Provided data: Begin
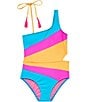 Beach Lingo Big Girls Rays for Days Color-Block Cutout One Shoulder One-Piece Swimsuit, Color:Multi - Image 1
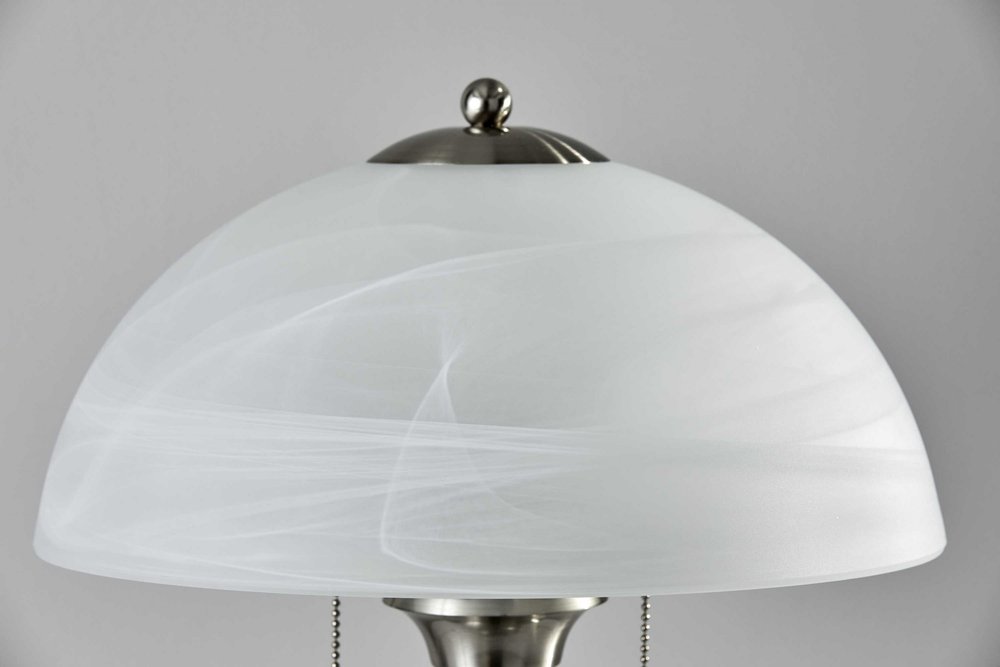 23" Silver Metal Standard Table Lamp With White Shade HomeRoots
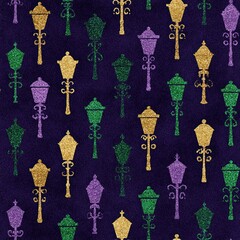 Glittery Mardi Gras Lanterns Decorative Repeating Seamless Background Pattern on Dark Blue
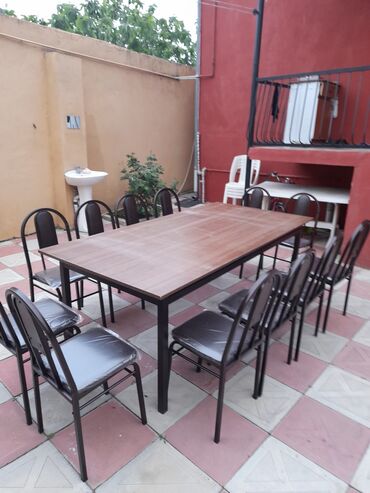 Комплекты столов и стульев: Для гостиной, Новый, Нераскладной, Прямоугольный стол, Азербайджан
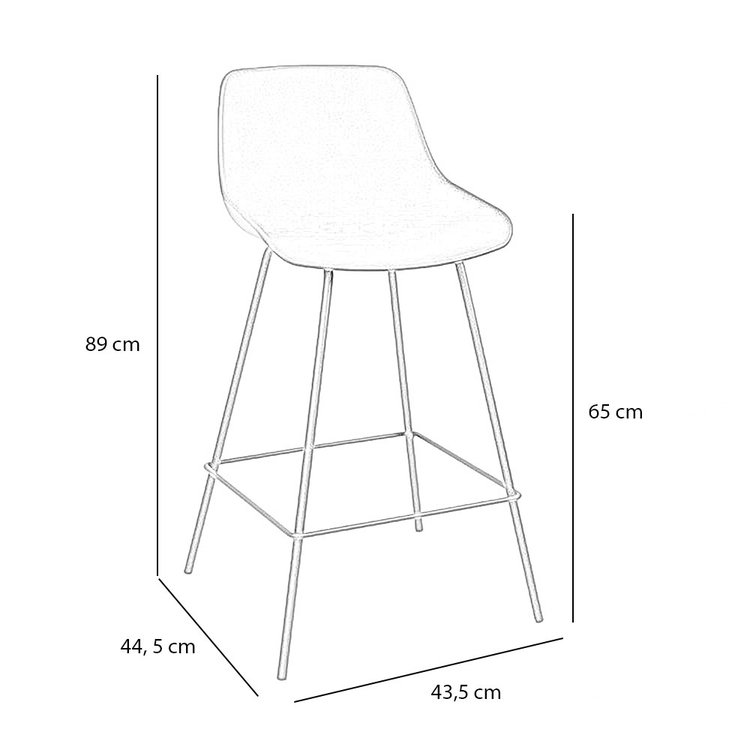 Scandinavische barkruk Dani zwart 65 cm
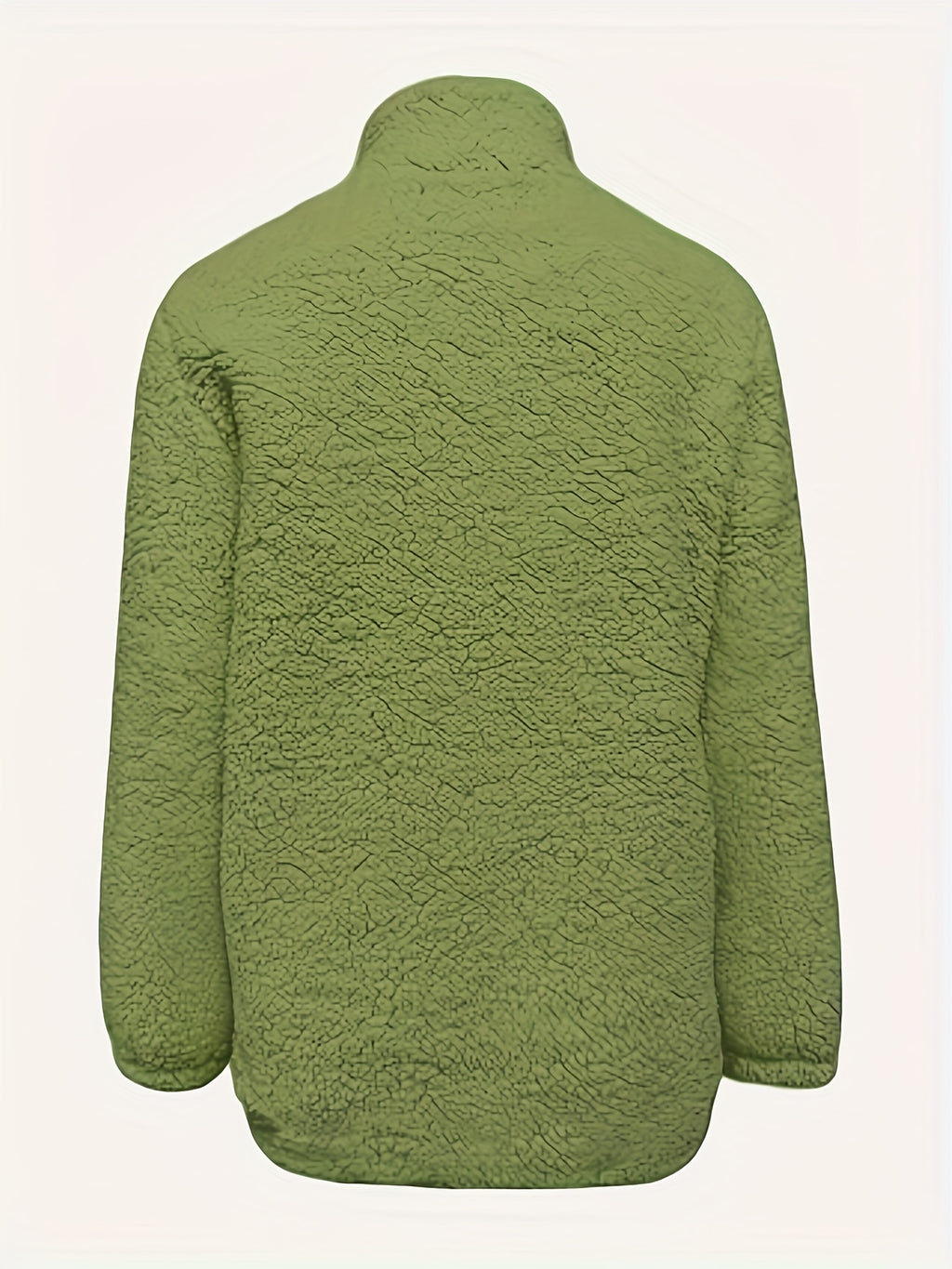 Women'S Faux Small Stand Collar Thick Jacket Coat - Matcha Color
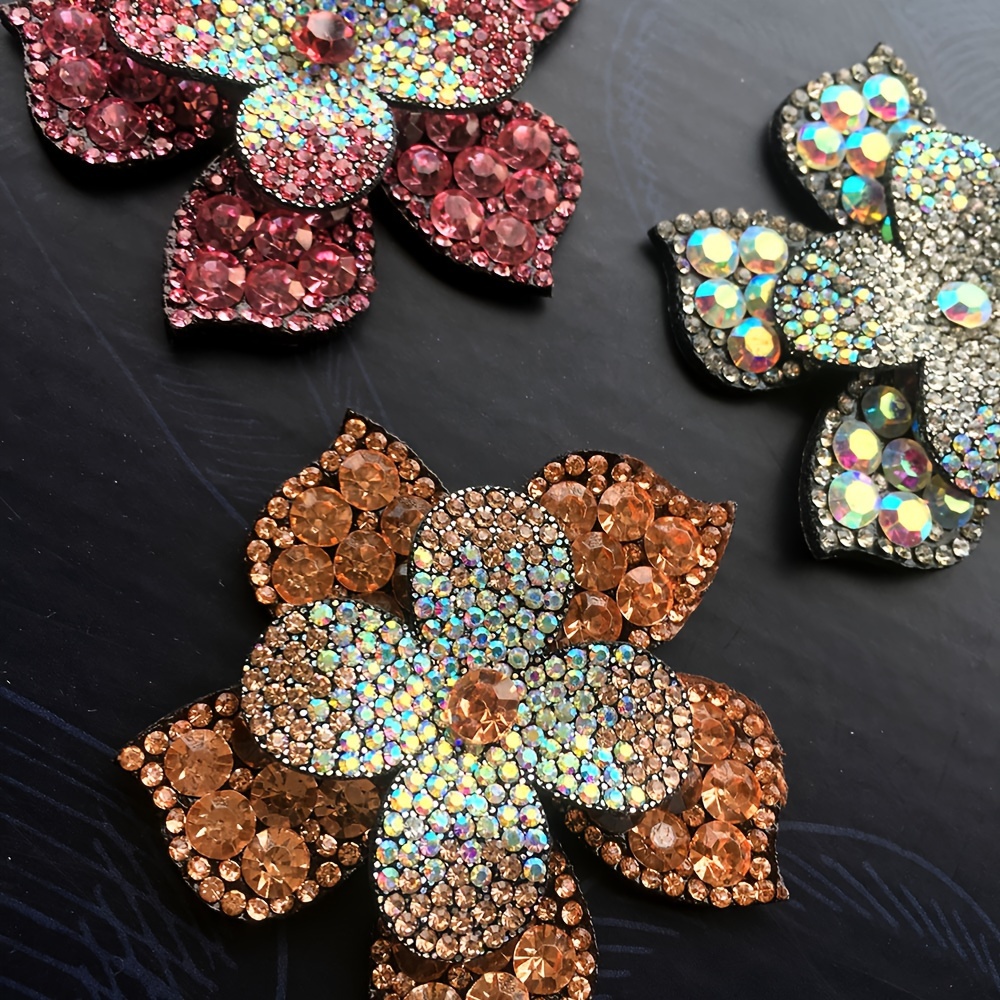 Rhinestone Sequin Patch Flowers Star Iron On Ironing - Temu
Provided data: End
#### Problem to solve
Return every entry word for word, but drop any pictures.

#### Response for this exercise
 Beach Lingo Big Girls Rays for Days Color-Block Cutout One Shoulder One-Piece Swimsuit, Color:Multi - Image 1
 23" Silver Metal Standard Table Lamp With White Shade HomeRoots
 Glittery Mardi Gras Lanterns Decorative Repeating Seamless Background Pattern on Dark Blue
 Комплекты столов и стульев: Для гостиной, Новый, Нераскладной, Прямоугольный стол, Азербайджан
 Scandinavische barkruk Dani zwart 65 cm
 Women'S Faux Small Stand Collar Thick Jacket Coat - Matcha Color
 Rhinestone Sequin Patch Flowers Star Iron On Ironing - Temu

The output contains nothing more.